EXERCISE DETAILS:
With pictures omitted, transcribe exactly the lines from the one containing "Fortuner Legender" to the end of the records below.

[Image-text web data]
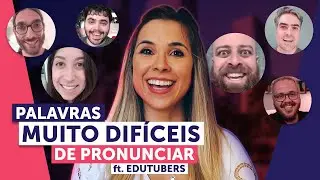 COMO PRONUNCIAR PALAVRAS DIFÍCEIS EM INGLÊS | 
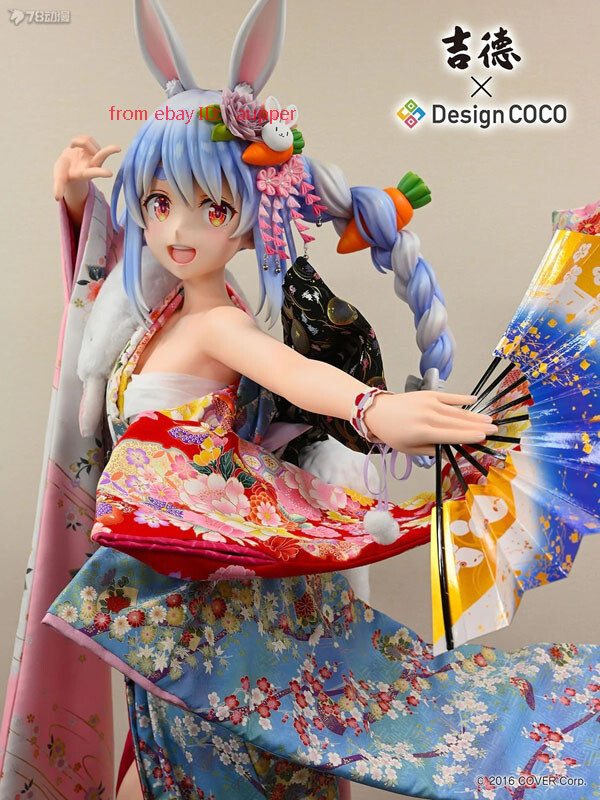 Design Coco Studio Usada Pekora The human rabbit project 1/4 48cm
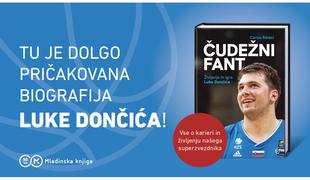 Podarjamo biografijo o Luki Dončiću #nagradna igra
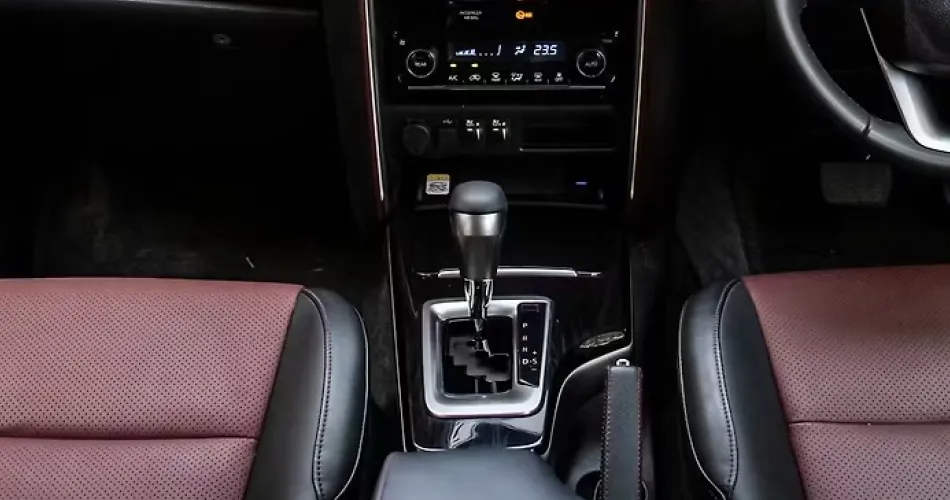 Fortuner Legender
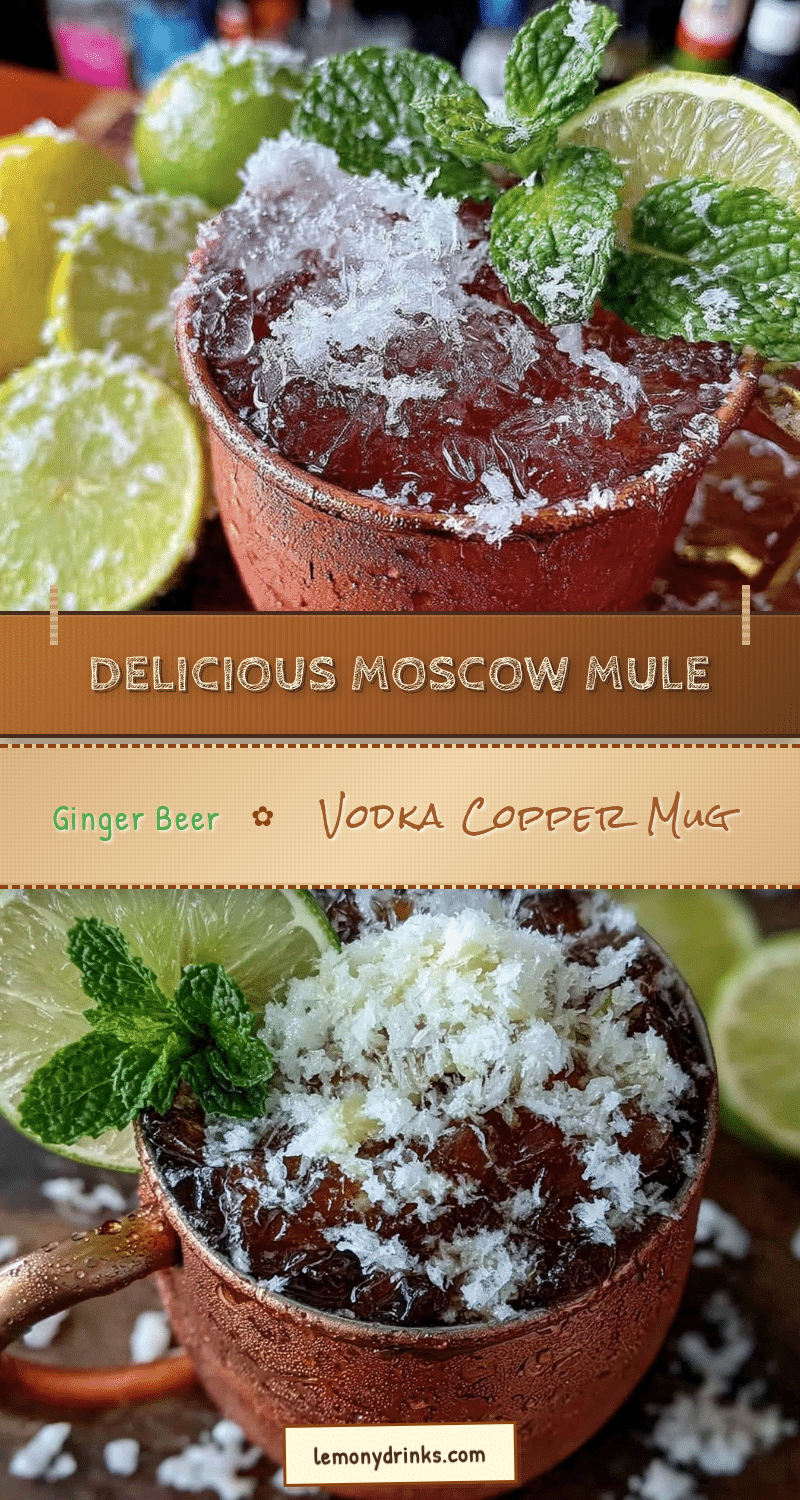 Moscow Mule Cocktail Recipe recipe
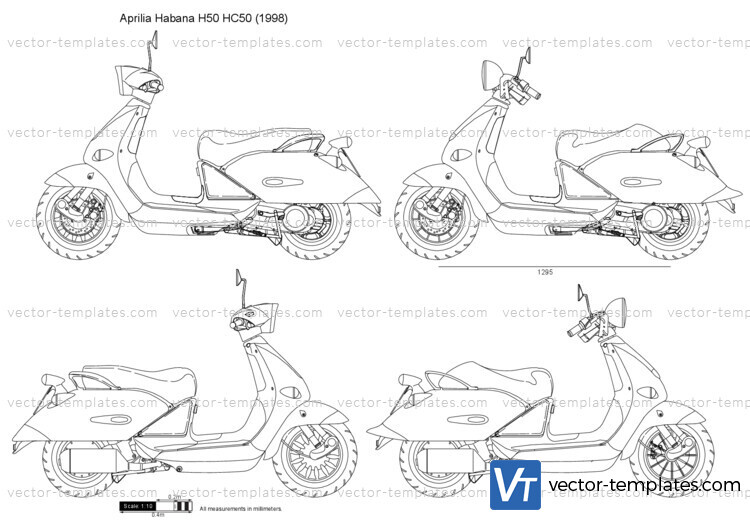 Aprilia Habana H50 HC50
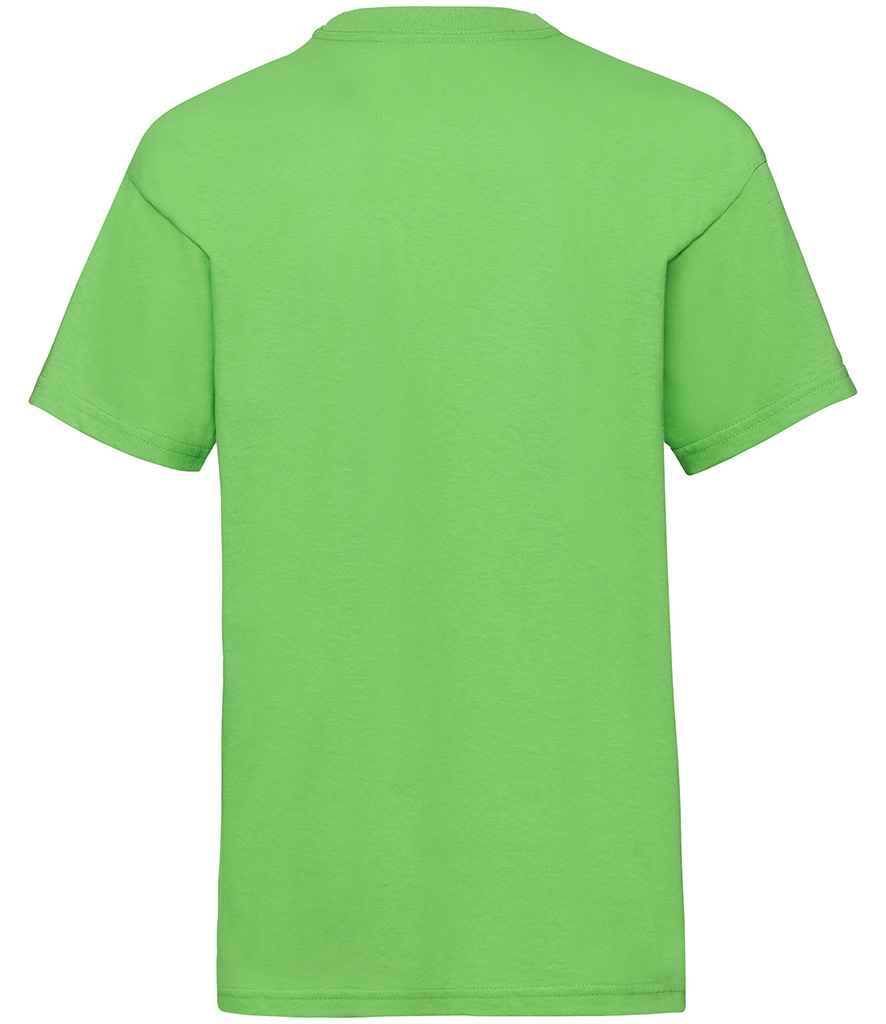 Fruit of the Loom Kids Value T-Shirt - Lime Green (SS6B)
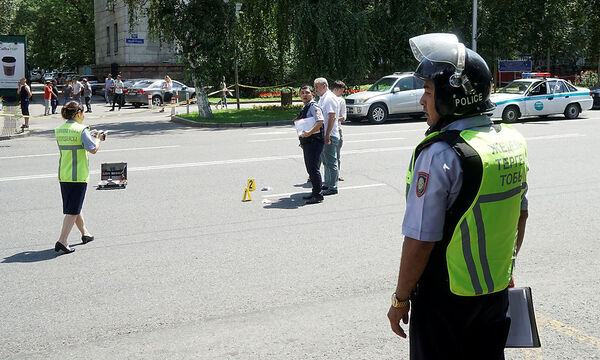 Nach dem Angriff in Almaty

SOLVED EXERCISE:
 Fortuner Legender
 Moscow Mule Cocktail Recipe recipe
 Aprilia Habana H50 HC50
 Fruit of the Loom Kids Value T-Shirt - Lime Green (SS6B)
 Nach dem Angriff in Almaty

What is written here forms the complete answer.